═════ THE INPUT ═════
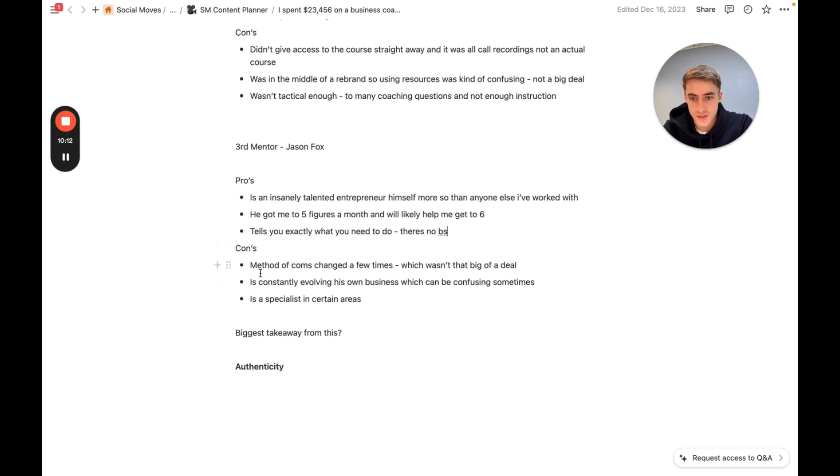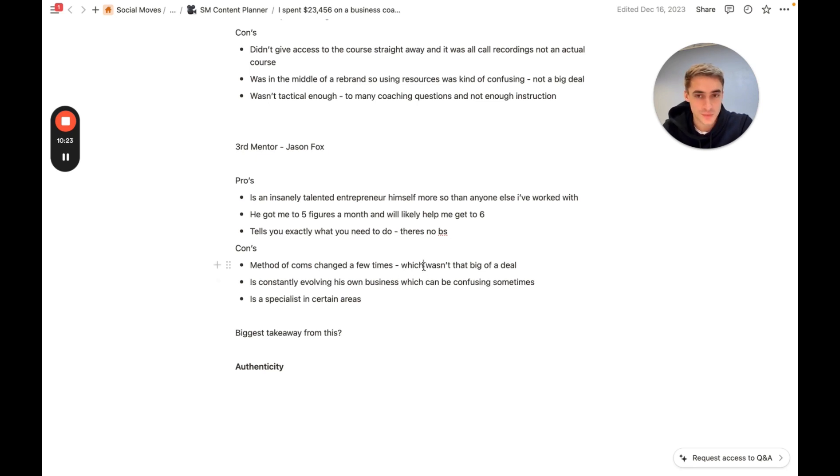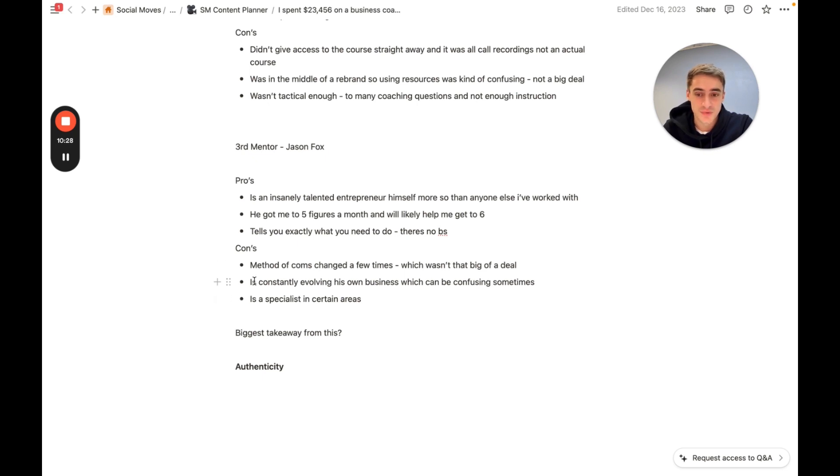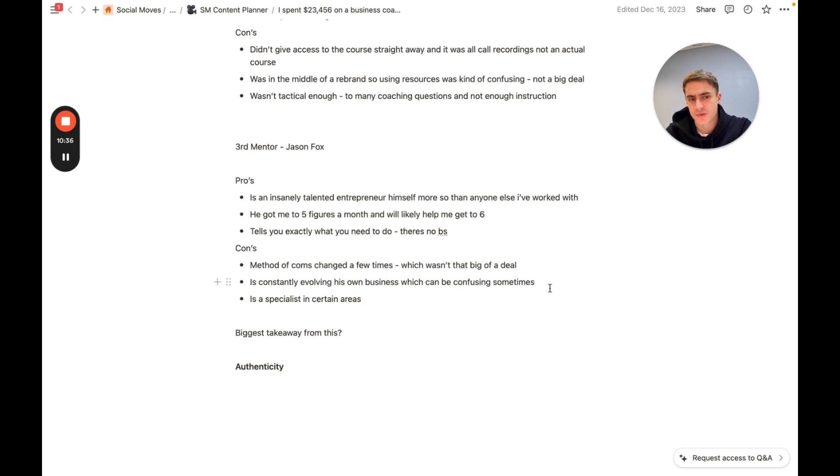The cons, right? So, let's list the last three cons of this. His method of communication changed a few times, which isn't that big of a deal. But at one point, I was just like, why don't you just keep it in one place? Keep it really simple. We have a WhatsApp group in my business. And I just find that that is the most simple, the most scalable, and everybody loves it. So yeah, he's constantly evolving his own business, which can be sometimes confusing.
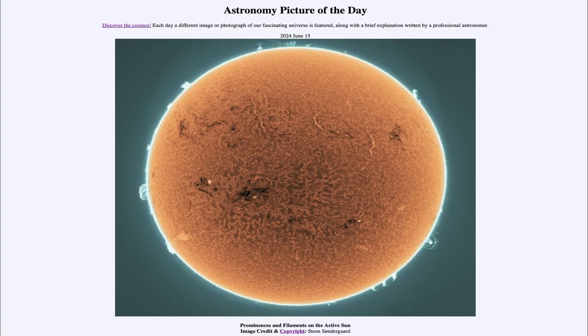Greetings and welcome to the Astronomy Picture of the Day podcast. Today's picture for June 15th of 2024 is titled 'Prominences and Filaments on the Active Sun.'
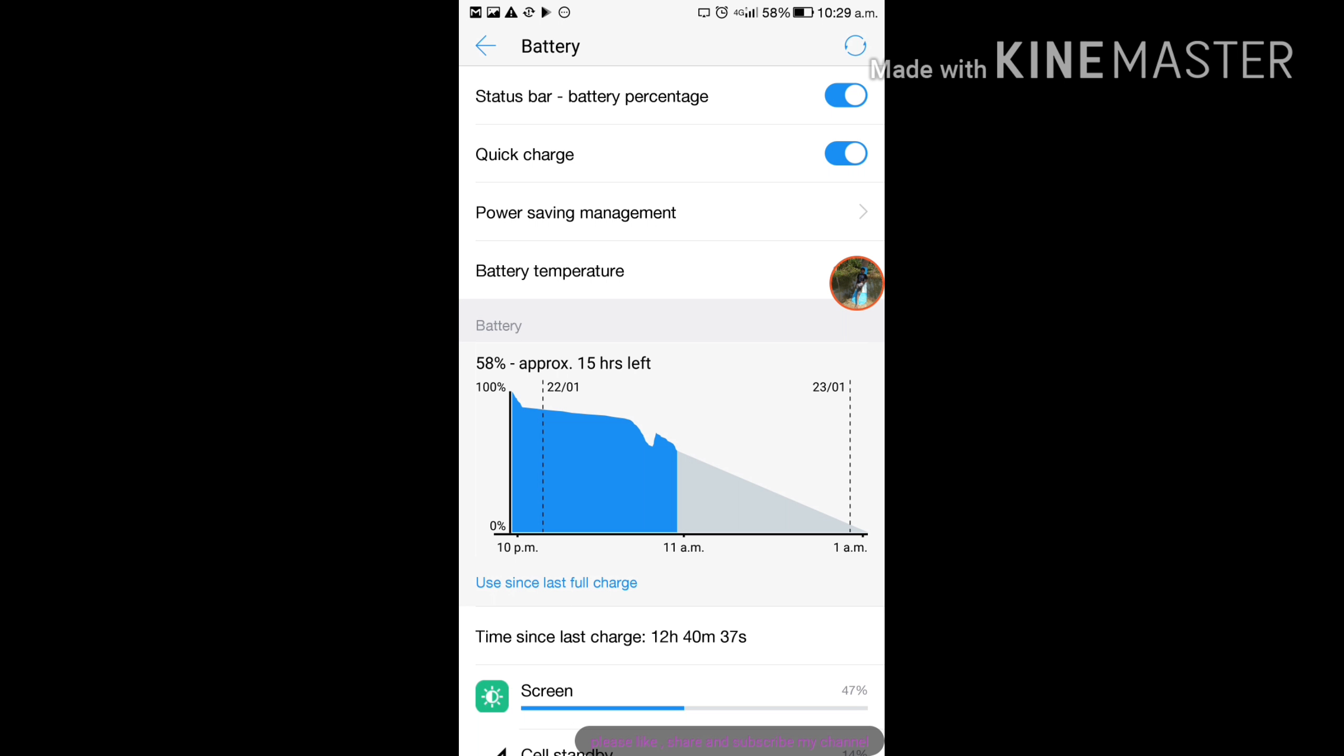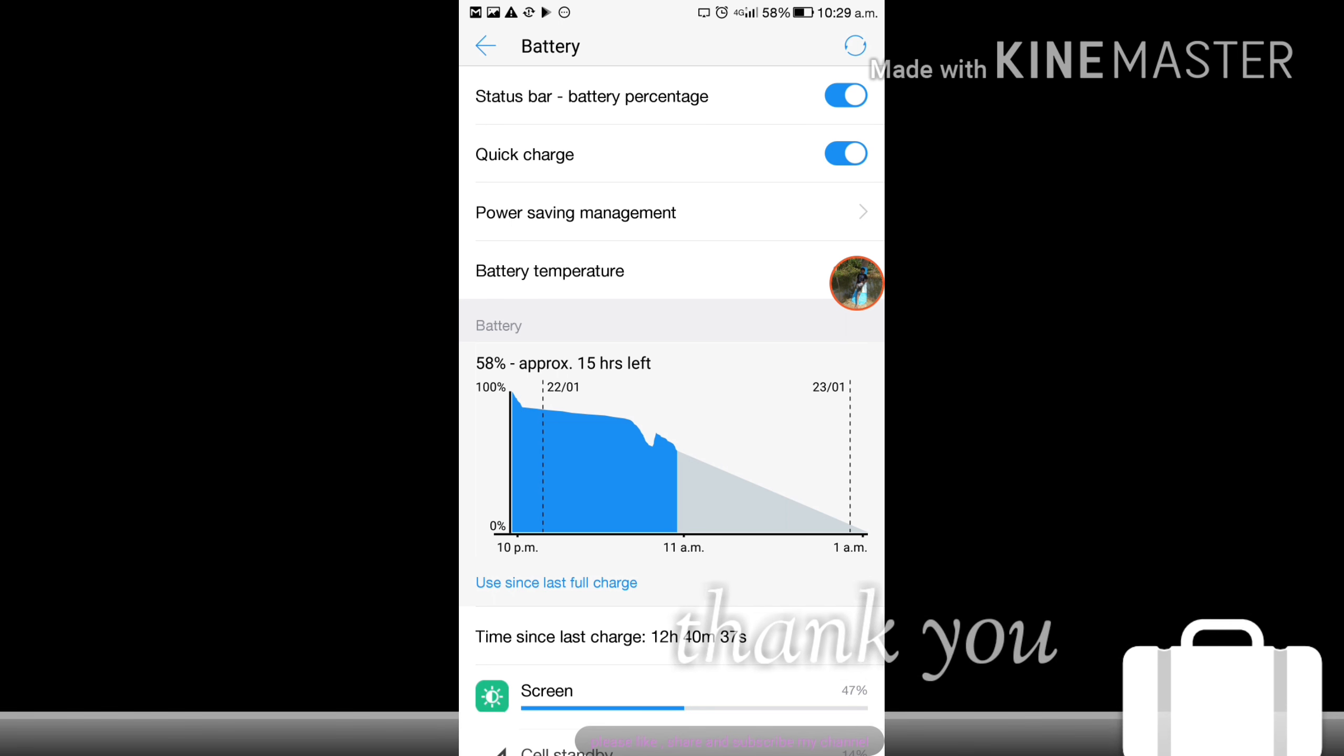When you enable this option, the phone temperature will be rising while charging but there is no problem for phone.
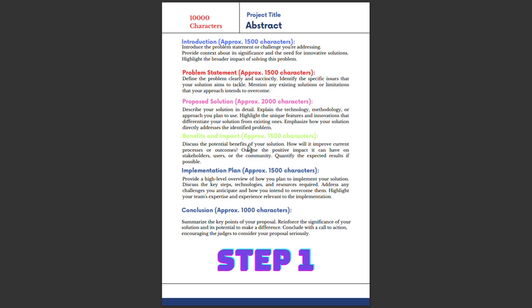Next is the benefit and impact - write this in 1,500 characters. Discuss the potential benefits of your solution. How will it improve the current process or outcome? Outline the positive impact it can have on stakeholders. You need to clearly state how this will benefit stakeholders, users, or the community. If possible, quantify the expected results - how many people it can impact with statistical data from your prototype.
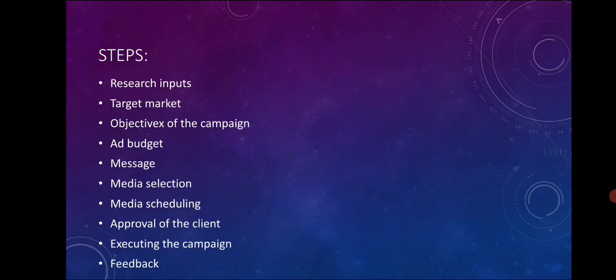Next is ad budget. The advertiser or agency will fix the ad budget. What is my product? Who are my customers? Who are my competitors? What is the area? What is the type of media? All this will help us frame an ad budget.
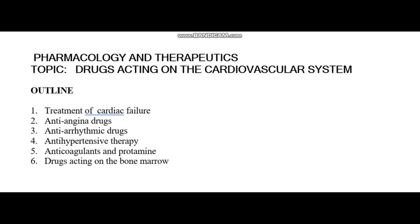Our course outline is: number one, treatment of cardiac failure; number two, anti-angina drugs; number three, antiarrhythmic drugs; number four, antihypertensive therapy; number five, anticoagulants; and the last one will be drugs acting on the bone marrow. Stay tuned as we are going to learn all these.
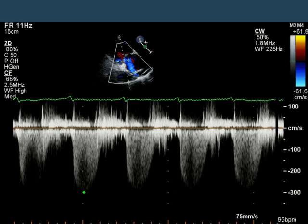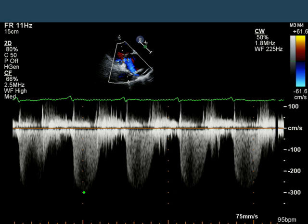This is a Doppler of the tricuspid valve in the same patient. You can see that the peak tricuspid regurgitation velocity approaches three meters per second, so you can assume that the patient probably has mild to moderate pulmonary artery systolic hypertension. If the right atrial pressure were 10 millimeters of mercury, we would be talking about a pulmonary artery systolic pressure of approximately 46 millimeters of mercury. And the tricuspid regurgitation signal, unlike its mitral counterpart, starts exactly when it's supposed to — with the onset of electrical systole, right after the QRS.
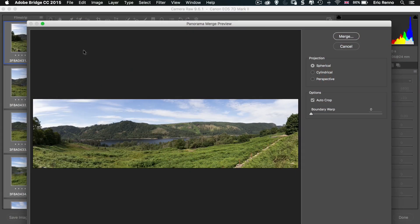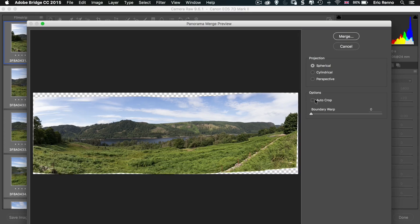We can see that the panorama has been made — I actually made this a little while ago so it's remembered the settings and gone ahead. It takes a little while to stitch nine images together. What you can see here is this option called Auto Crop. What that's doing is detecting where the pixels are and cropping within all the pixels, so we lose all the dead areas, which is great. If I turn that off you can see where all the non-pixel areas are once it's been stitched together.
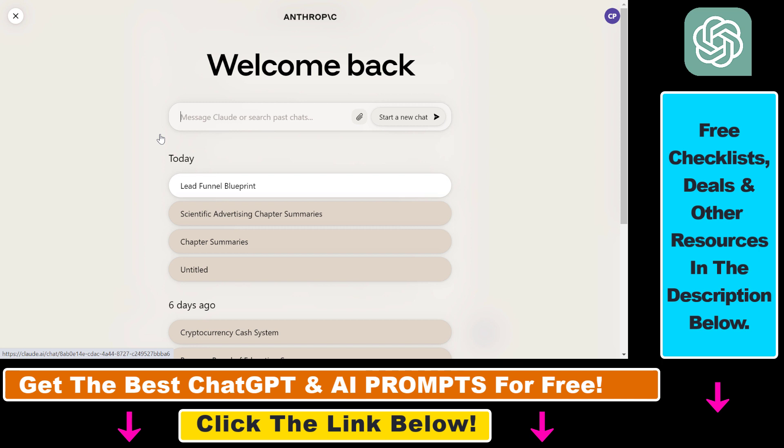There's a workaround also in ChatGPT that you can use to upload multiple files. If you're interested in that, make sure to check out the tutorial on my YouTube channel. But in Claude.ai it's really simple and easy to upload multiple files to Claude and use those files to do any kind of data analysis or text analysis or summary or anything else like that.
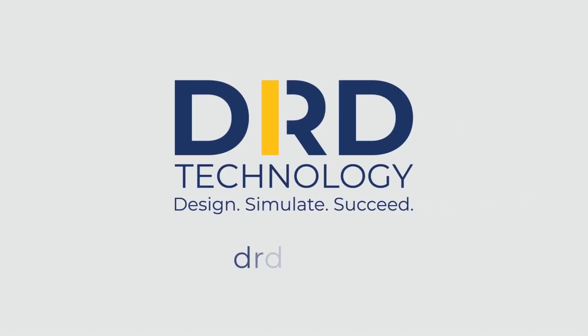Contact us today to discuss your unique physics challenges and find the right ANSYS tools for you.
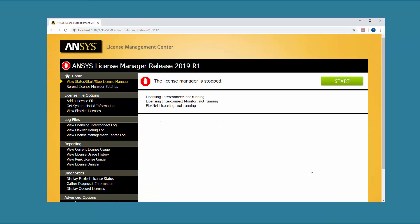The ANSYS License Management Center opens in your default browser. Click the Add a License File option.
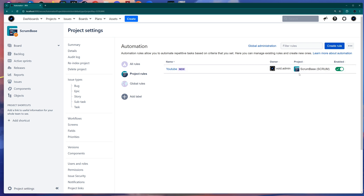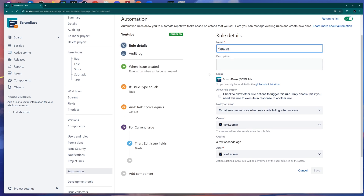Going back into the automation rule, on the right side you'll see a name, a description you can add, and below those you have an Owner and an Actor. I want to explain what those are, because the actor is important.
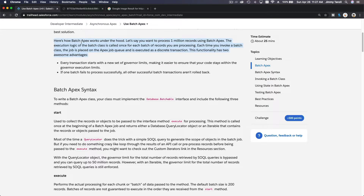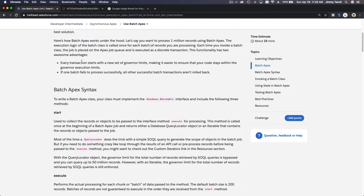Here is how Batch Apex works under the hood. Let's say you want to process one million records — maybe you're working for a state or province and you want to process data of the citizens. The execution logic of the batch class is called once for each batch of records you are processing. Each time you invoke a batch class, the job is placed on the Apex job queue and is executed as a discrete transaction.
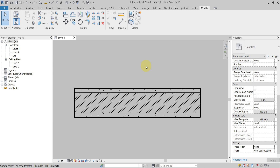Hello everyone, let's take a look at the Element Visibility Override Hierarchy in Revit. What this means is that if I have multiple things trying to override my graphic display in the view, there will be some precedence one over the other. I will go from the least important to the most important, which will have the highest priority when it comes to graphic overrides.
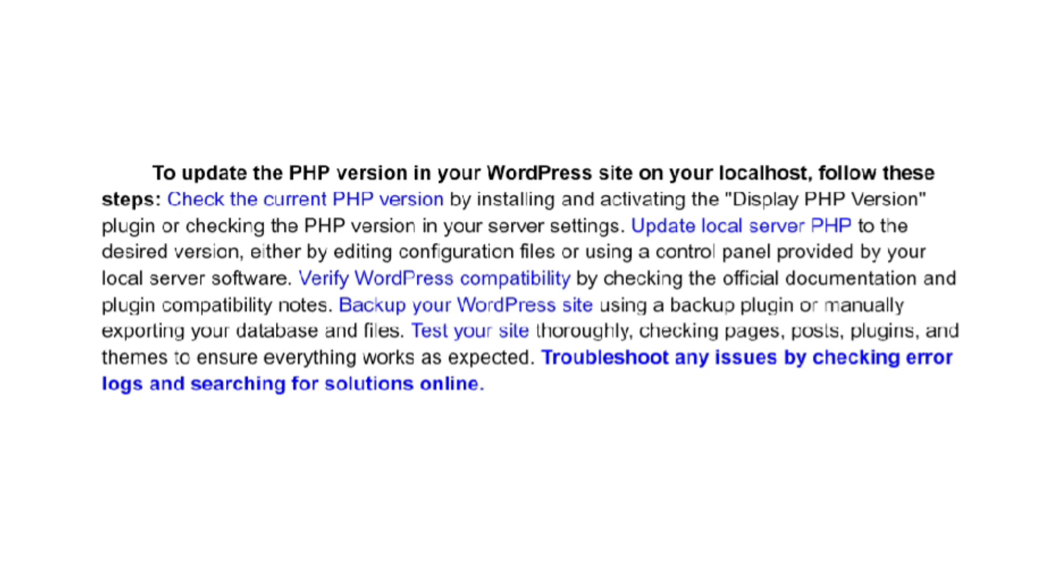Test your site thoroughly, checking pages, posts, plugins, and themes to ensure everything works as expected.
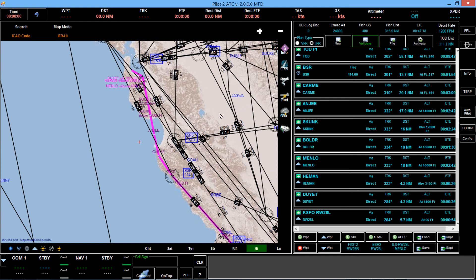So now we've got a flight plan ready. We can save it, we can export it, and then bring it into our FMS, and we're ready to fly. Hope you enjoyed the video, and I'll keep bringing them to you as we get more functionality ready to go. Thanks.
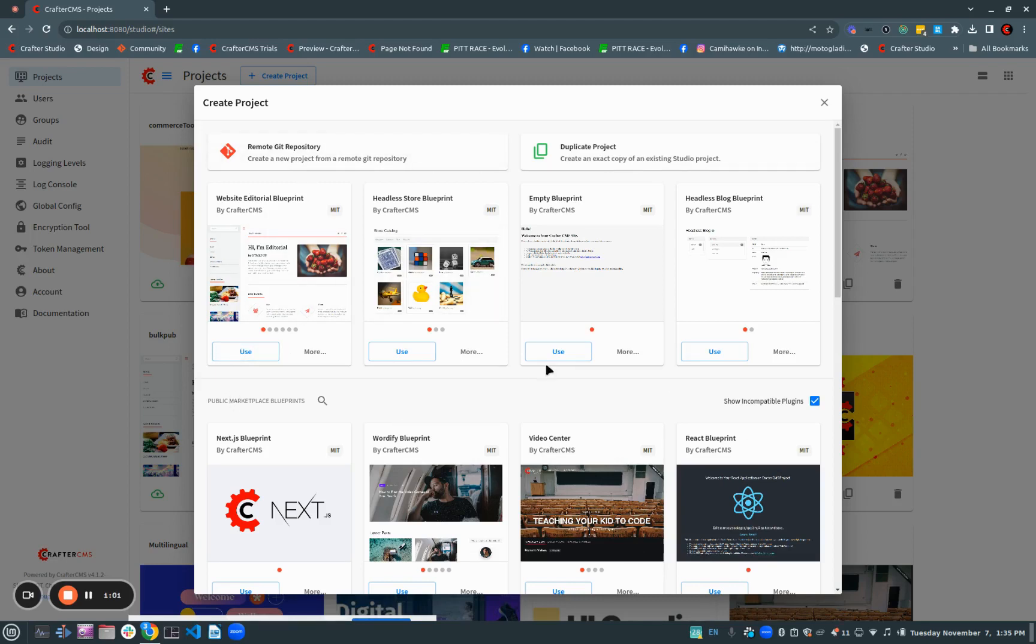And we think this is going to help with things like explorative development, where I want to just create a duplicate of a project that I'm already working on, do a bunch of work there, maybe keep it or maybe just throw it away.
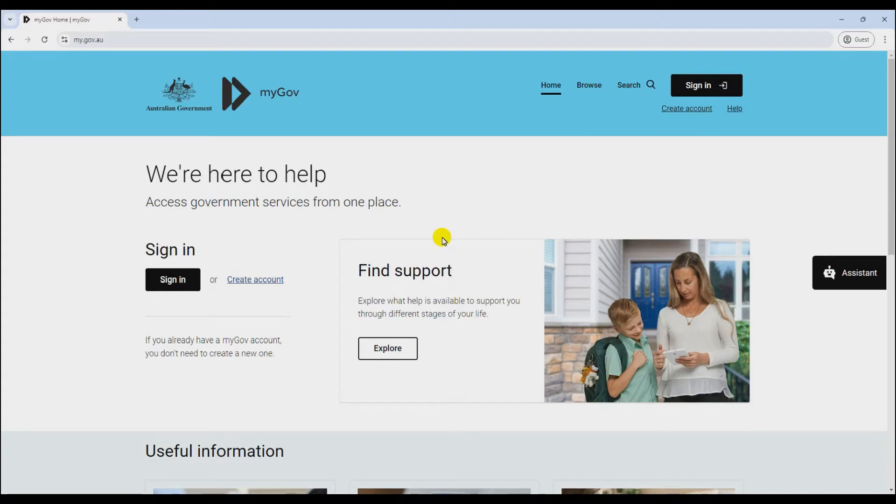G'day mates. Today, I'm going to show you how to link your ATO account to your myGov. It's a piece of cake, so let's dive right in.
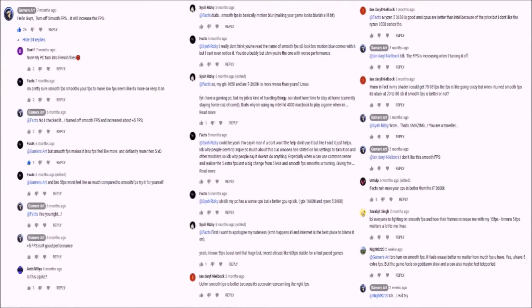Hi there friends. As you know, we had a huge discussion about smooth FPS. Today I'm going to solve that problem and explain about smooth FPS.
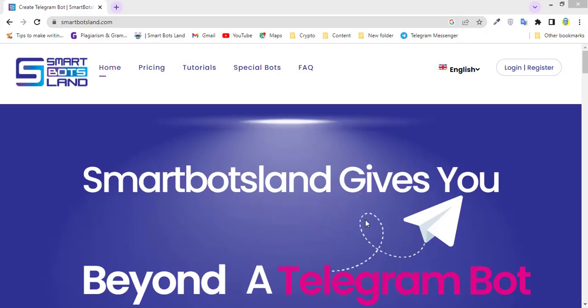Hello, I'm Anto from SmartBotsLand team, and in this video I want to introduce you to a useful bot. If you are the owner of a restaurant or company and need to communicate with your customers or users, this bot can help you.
═════
■ HOW TO COMPLETE THIS TASK
The answer must reproduce every line of the records above exactly, with all pictures left out.

■ RESPONSE AREA
The cons, right? So, let's list the last three cons of this. His method of communication changed a few times, which isn't that big of a deal. But at one point, I was just like, why don't you just keep it in one place? Keep it really simple. We have a WhatsApp group in my business. And I just find that that is the most simple, the most scalable, and everybody loves it. So yeah, he's constantly evolving his own business, which can be sometimes confusing.
Greetings and welcome to the Astronomy Picture of the Day podcast. Today's picture for June 15th of 2024 is titled 'Prominences and Filaments on the Active Sun.'
When you enable this option, the phone temperature will be rising while charging but there is no problem for phone.
Next is the benefit and impact - write this in 1,500 characters. Discuss the potential benefits of your solution. How will it improve the current process or outcome? Outline the positive impact it can have on stakeholders. You need to clearly state how this will benefit stakeholders, users, or the community. If possible, quantify the expected results - how many people it can impact with statistical data from your prototype.
Next is ad budget. The advertiser or agency will fix the ad budget. What is my product? Who are my customers? Who are my competitors? What is the area? What is the type of media? All this will help us frame an ad budget.
Our course outline is: number one, treatment of cardiac failure; number two, anti-angina drugs; number three, antiarrhythmic drugs; number four, antihypertensive therapy; number five, anticoagulants; and the last one will be drugs acting on the bone marrow. Stay tuned as we are going to learn all these.
This is a Doppler of the tricuspid valve in the same patient. You can see that the peak tricuspid regurgitation velocity approaches three meters per second, so you can assume that the patient probably has mild to moderate pulmonary artery systolic hypertension. If the right atrial pressure were 10 millimeters of mercury, we would be talking about a pulmonary artery systolic pressure of approximately 46 millimeters of mercury. And the tricuspid regurgitation signal, unlike its mitral counterpart, starts exactly when it's supposed to — with the onset of electrical systole, right after the QRS.
We can see that the panorama has been made — I actually made this a little while ago so it's remembered the settings and gone ahead. It takes a little while to stitch nine images together. What you can see here is this option called Auto Crop. What that's doing is detecting where the pixels are and cropping within all the pixels, so we lose all the dead areas, which is great. If I turn that off you can see where all the non-pixel areas are once it's been stitched together.
There's a workaround also in ChatGPT that you can use to upload multiple files. If you're interested in that, make sure to check out the tutorial on my YouTube channel. But in Claude.ai it's really simple and easy to upload multiple files to Claude and use those files to do any kind of data analysis or text analysis or summary or anything else like that.
Contact us today to discuss your unique physics challenges and find the right ANSYS tools for you.
The ANSYS License Management Center opens in your default browser. Click the Add a License File option.
Going back into the automation rule, on the right side you'll see a name, a description you can add, and below those you have an Owner and an Actor. I want to explain what those are, because the actor is important.
Here is how Batch Apex works under the hood. Let's say you want to process one million records — maybe you're working for a state or province and you want to process data of the citizens. The execution logic of the batch class is called once for each batch of records you are processing. Each time you invoke a batch class, the job is placed on the Apex job queue and is executed as a discrete transaction.
Hello everyone, let's take a look at the Element Visibility Override Hierarchy in Revit. What this means is that if I have multiple things trying to override my graphic display in the view, there will be some precedence one over the other. I will go from the least important to the most important, which will have the highest priority when it comes to graphic overrides.
Test your site thoroughly, checking pages, posts, plugins, and themes to ensure everything works as expected.
So now we've got a flight plan ready. We can save it, we can export it, and then bring it into our FMS, and we're ready to fly. Hope you enjoyed the video, and I'll keep bringing them to you as we get more functionality ready to go. Thanks.
And we think this is going to help with things like explorative development, where I want to just create a duplicate of a project that I'm already working on, do a bunch of work there, maybe keep it or maybe just throw it away.
G'day mates. Today, I'm going to show you how to link your ATO account to your myGov. It's a piece of cake, so let's dive right in.
Hi there friends. As you know, we had a huge discussion about smooth FPS. Today I'm going to solve that problem and explain about smooth FPS.
Hello, I'm Anto from SmartBotsLand team, and in this video I want to introduce you to a useful bot. If you are the owner of a restaurant or company and need to communicate with your customers or users, this bot can help you.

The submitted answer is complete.